国家と人民の区別を

華僑の子どもらが通う神戸市中央区神戸中華同文学校に27、28日、男の声で「尖閣諸島の件、なめたらあかんぞ。殺すぞ」などという脅迫電話が計3度かかったほか、28日には生徒に危害を加えるという内容の脅迫文が郵送されたそうだ。
これはまことに遺憾な(神戸地区の)日本人の行動である。
以前、アメリカ人は「アメリカは好きだがアメリカ政府のやり方へ嫌いである。」と話すのを聞いたことがある。日本人は日本という国と政府を区別していると思うが、海外から見た日本に対して、「日本製品は好きだが、日本人は顔が見えない。」と聞いたことがある。パリの店では「日本人の方が中国人よりまし。」という意見もある。ただし、日本が1990年前後のバブルのとき、団体で海外に押し掛け札びらを切って威張っていた姿は、今の中国人団体客でひんしゅくを買うのと、あまり変わらない。つまり、アジア人は団体になると羽目を外すし、暴徒と化する可能性がある。個人主義でなく全体(村社会)主義だからだ。

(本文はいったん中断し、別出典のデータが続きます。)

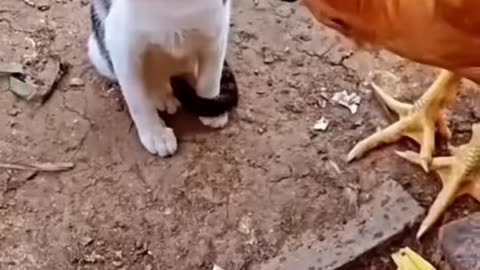 Cute Funny Cat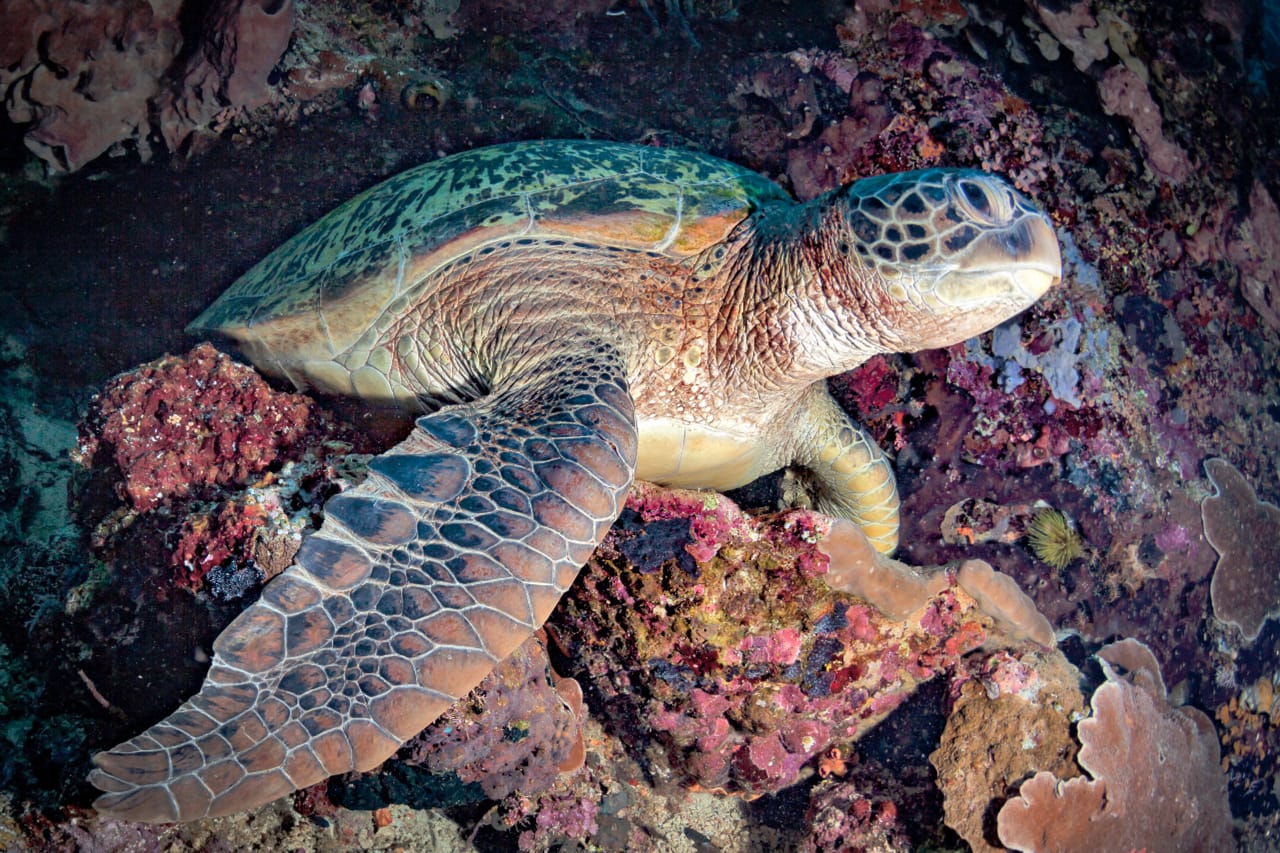 Bentuk rupa dari penyu hijau, salah satu fauna laut yang tergolong langka   ( dispar.kaltimprov.go.id )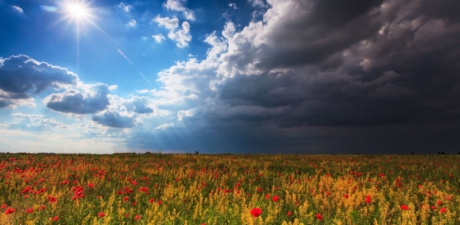 shutterstock_2
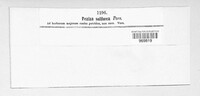Peziza sulfurea image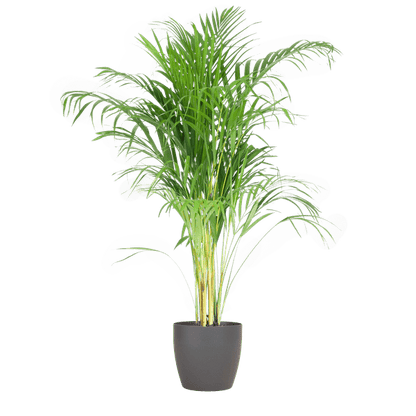 Areca-Palme Dypsis Goldfruchtpalme – Zimmerpflanze ↕100cm Ø21cm – Mit biologisch abbaubarem Viber-Topf Grau – Luftreinigende Tropenpflanze für Wohnzimmer & Büro 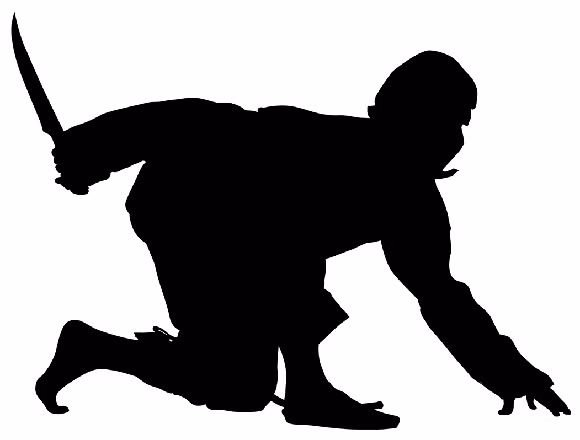 Các tài liệu cổ mô tả Hanzo là người có khả năng hoạch định chiến thuật và sử dụng thương tuyệt đỉnh. Ông còn có biệt tài sống dưới nước hai ngày mà không hề có dấu hiệu mệt mỏi.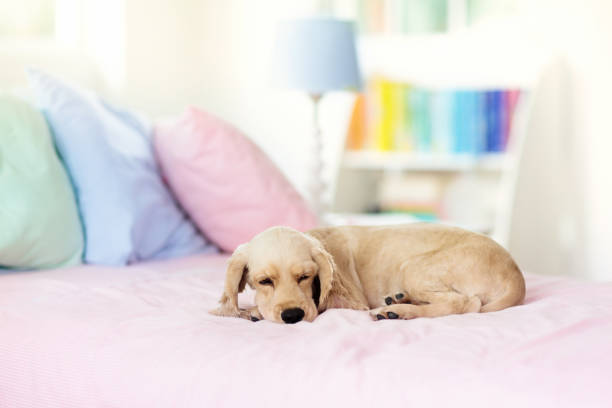 istock Dog sleeping on bed. Puppy taking nap. 1171736378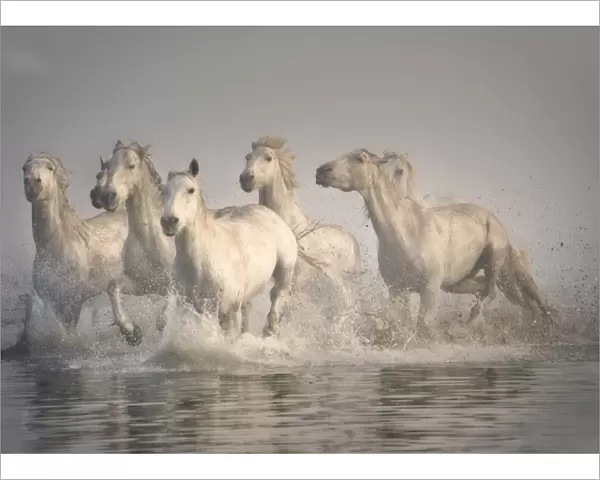Horse galloping in the Mediterranean water, Camargue, France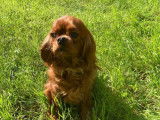 Jolie femelle Cavalier King Charles LOF ruby à vendre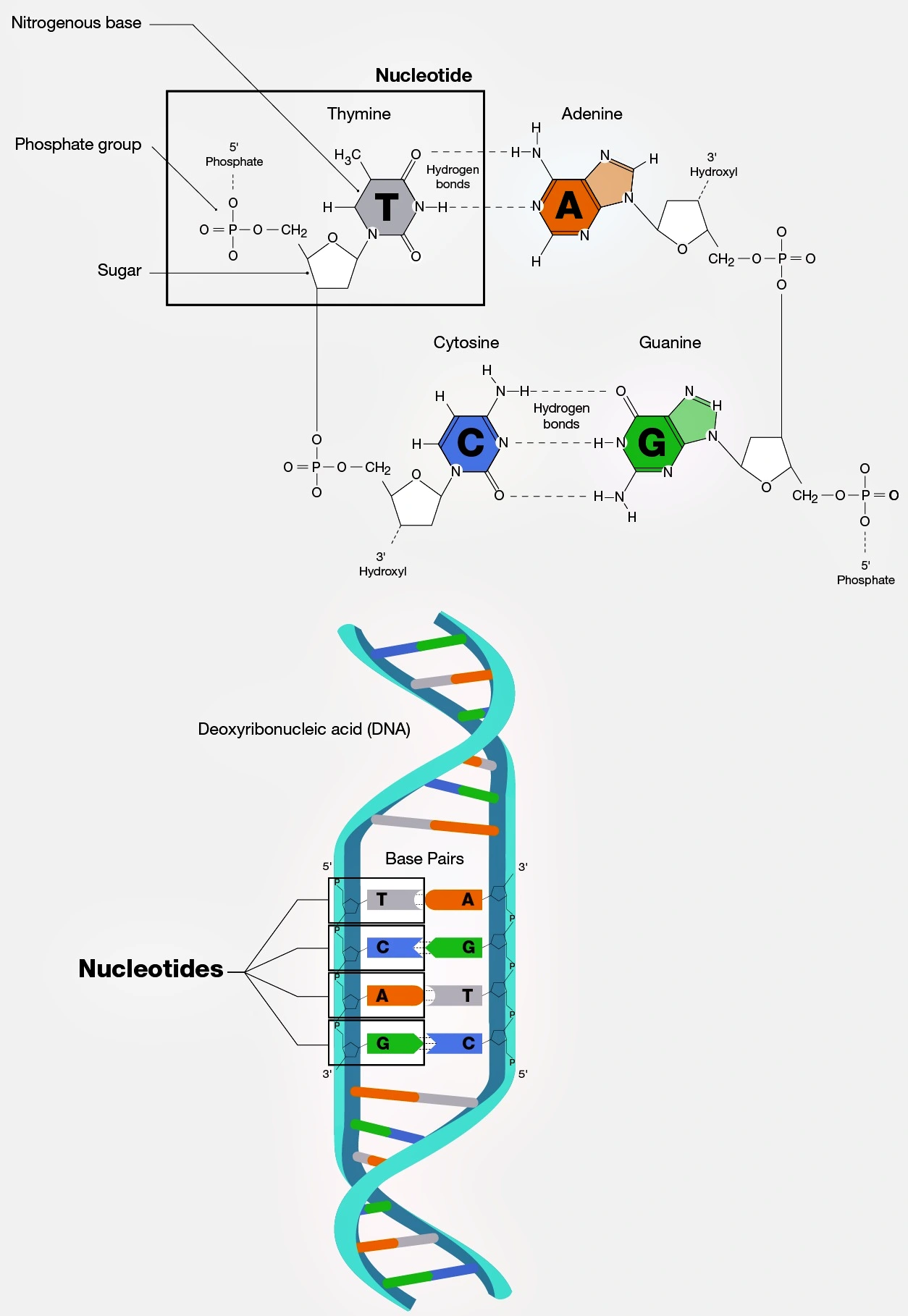 Nucleotide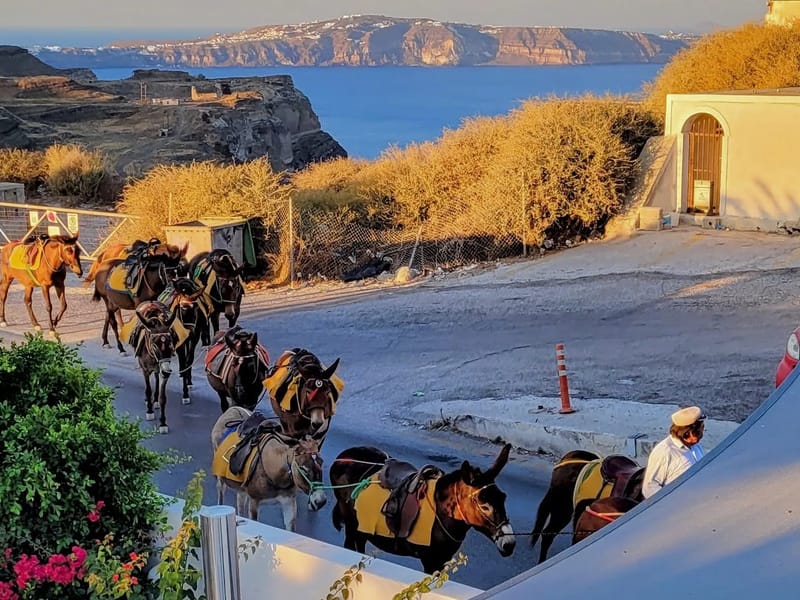 The donkeys of Santorini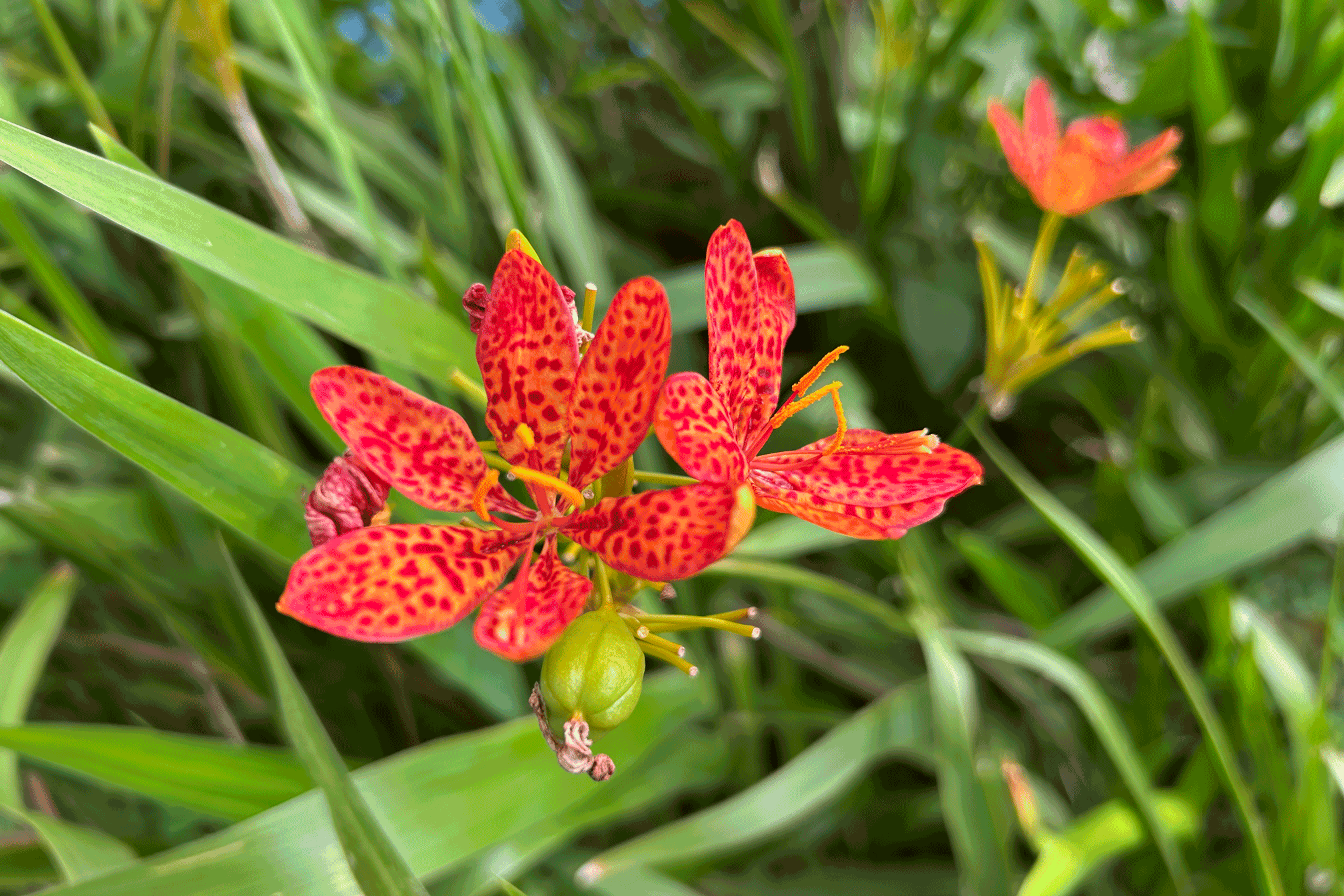 20250505.iris-domestica.IMG_9851_1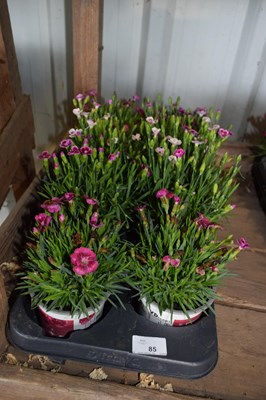 Lot 85 - 1x tray dianthus pink kisses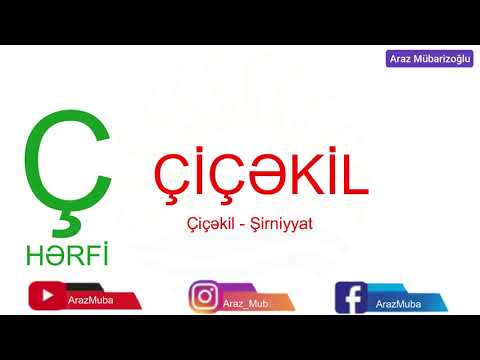 Video: Dili bilən olmaq nə deməkdir?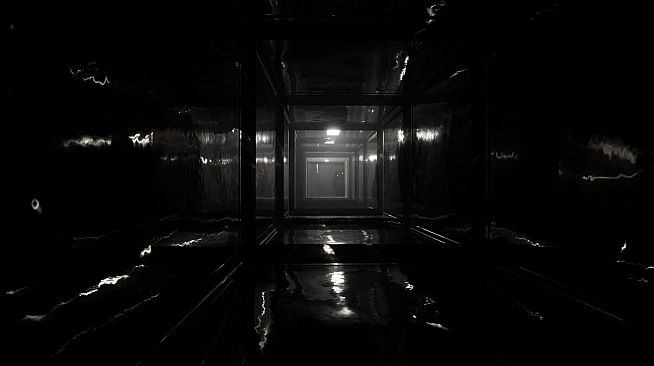 Chester: Into The Darkness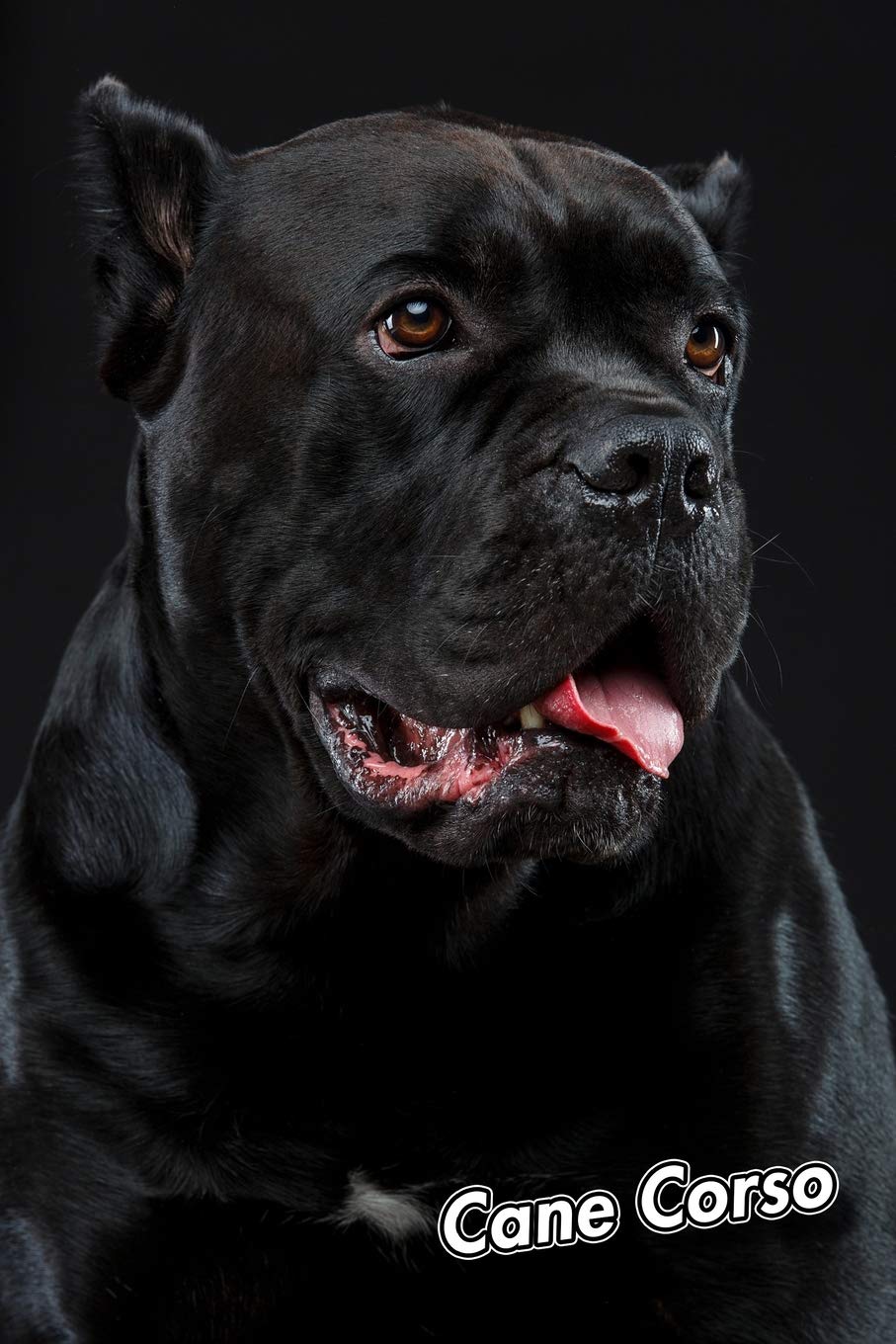 cane corso 9 months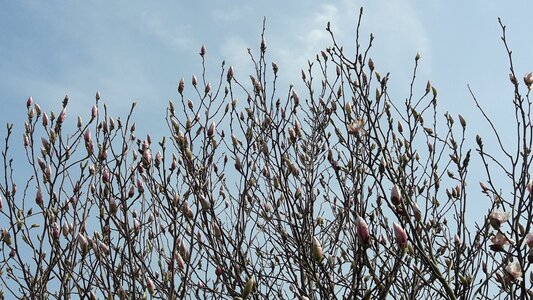 Spring magnolia large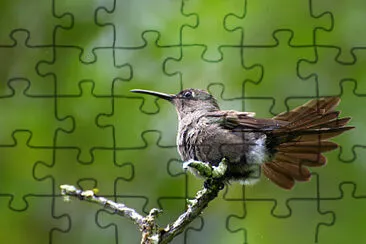 Colibrì mdesto jigsaw puzzle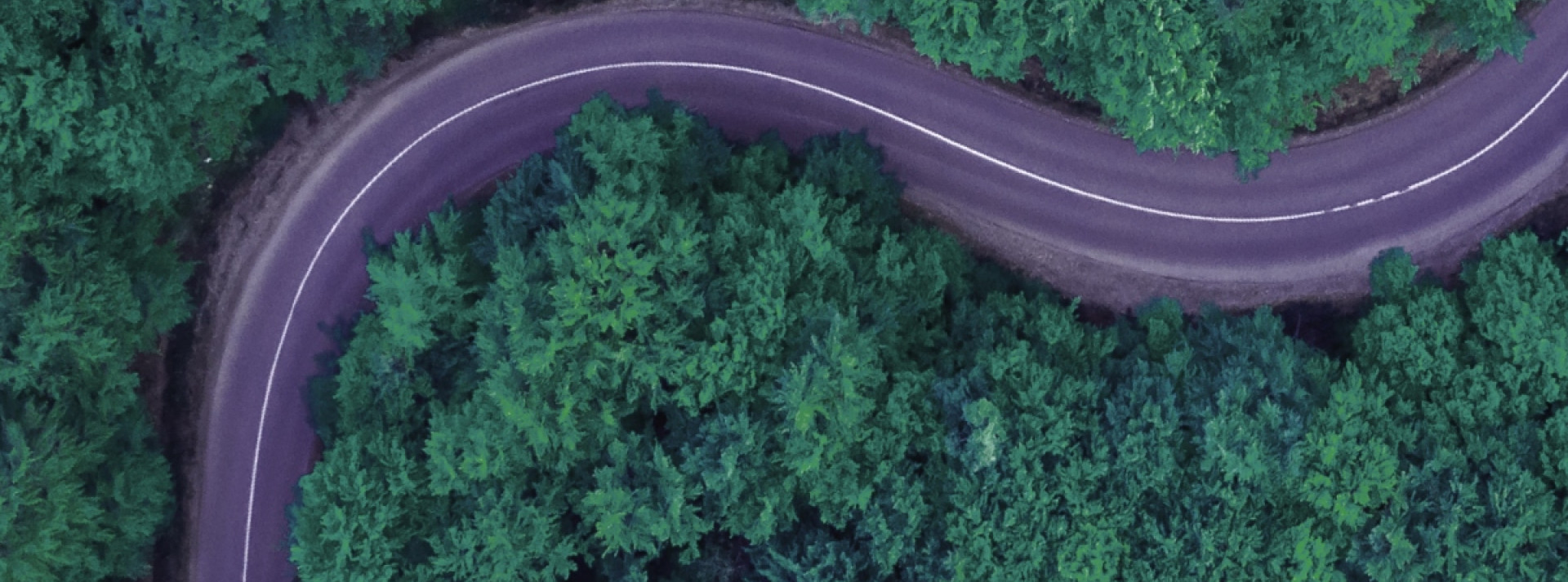 Los conductores españoles apuestan por la sostenibilidad: más del 92 % quiere contribuir a una industria automovilística más ecológica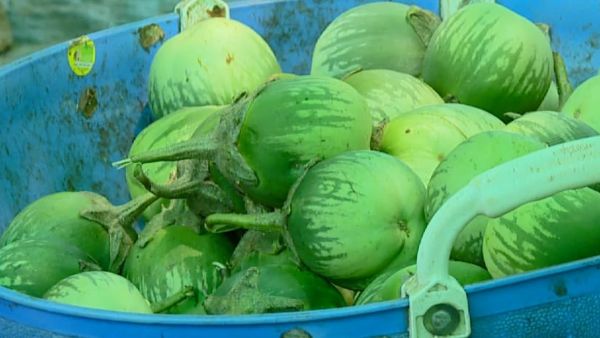 ತಡೆಗೋಡೆ ನಿರ್ಮಾಣ ಮಾಡಿ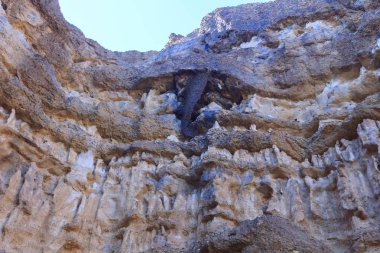 Cliff üzerinde petek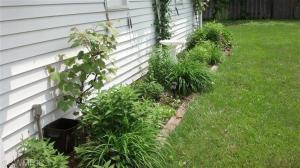 237 Jane Ellen, Lowell, MI 49331 photo 5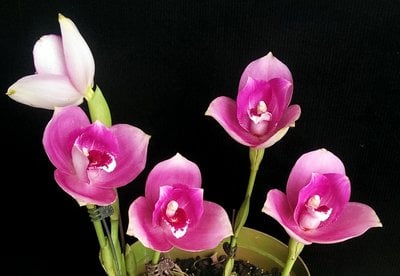 (Lyc.Gayser Gold x Lyc.Shonan Harmony)XLyc.Kiama'No 10'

提案だが、日本に住む中国人、日本に帰化した中国人、そして日本に旅行に来て帰ろうとする中国人に対して、「尖閣問題の日本と中国の対応」について、インタビューをしてみたらどうか。(名前を出すと中国の公安に目をつけられる可能性があるが。)そうすればより中立的な意見や解決策が聞けるかもしれない。
さらに今回のソリューションとしては、クリントン元大統領が北朝鮮で拘留された米国人を救うために訪朝したように、日本側も(尖閣問題とは別に)政府関係者を訪中させて交渉する必要がある。とくに中国で大見えを切った小沢氏や田中真紀子氏などは先方にとって受け入れやすいのではないか。
話は戻るが、中国の覇権主義による暴走行為は以前から予知できたし、本稿でも「普天間海兵隊をグアムへ移転すると、日米の対中防衛ラインがダメになる」と警告している。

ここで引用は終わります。